Reproduce, unaltered, the line with "Fruit Of The" along with every line that follows it in the records, up to the last.

─── EXERCISE INPUT ───

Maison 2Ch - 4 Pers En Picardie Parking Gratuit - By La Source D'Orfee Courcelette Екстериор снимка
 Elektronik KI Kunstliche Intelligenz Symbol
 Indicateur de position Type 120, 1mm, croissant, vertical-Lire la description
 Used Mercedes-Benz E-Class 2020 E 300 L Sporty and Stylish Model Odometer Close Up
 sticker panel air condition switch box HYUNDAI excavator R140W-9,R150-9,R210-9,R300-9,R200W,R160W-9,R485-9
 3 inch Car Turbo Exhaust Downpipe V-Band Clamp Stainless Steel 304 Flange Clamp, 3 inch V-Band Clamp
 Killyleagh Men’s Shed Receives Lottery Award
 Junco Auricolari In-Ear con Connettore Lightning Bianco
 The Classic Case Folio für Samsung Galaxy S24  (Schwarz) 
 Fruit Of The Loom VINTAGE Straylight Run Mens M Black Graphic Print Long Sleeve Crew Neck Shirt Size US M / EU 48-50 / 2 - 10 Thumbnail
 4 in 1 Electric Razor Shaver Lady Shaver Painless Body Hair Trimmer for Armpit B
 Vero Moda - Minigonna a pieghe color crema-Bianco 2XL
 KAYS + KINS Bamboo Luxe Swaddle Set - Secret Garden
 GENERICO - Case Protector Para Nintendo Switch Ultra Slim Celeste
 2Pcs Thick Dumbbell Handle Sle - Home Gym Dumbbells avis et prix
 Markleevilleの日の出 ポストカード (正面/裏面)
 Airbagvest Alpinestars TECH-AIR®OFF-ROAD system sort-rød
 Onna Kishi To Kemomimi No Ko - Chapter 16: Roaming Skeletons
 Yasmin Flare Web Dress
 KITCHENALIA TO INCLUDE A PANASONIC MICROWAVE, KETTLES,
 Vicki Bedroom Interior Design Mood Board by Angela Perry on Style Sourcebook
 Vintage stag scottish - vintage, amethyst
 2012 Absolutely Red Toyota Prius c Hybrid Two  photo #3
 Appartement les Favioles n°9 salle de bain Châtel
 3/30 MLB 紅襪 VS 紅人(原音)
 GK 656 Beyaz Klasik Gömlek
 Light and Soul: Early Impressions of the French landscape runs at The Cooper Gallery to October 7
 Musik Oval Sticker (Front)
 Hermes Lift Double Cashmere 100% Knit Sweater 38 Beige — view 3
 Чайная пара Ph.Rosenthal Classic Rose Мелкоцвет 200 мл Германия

───

■ SOLUTION TO THIS PROBLEM:
 Fruit Of The Loom VINTAGE Straylight Run Mens M Black Graphic Print Long Sleeve Crew Neck Shirt Size US M / EU 48-50 / 2 - 10 Thumbnail
 4 in 1 Electric Razor Shaver Lady Shaver Painless Body Hair Trimmer for Armpit B
 Vero Moda - Minigonna a pieghe color crema-Bianco 2XL
 KAYS + KINS Bamboo Luxe Swaddle Set - Secret Garden
 GENERICO - Case Protector Para Nintendo Switch Ultra Slim Celeste
 2Pcs Thick Dumbbell Handle Sle - Home Gym Dumbbells avis et prix
 Markleevilleの日の出 ポストカード (正面/裏面)
 Airbagvest Alpinestars TECH-AIR®OFF-ROAD system sort-rød
 Onna Kishi To Kemomimi No Ko - Chapter 16: Roaming Skeletons
 Yasmin Flare Web Dress
 KITCHENALIA TO INCLUDE A PANASONIC MICROWAVE, KETTLES,
 Vicki Bedroom Interior Design Mood Board by Angela Perry on Style Sourcebook
 Vintage stag scottish - vintage, amethyst
 2012 Absolutely Red Toyota Prius c Hybrid Two  photo #3
 Appartement les Favioles n°9 salle de bain Châtel
 3/30 MLB 紅襪 VS 紅人(原音)
 GK 656 Beyaz Klasik Gömlek
 Light and Soul: Early Impressions of the French landscape runs at The Cooper Gallery to October 7
 Musik Oval Sticker (Front)
 Hermes Lift Double Cashmere 100% Knit Sweater 38 Beige — view 3
 Чайная пара Ph.Rosenthal Classic Rose Мелкоцвет 200 мл Германия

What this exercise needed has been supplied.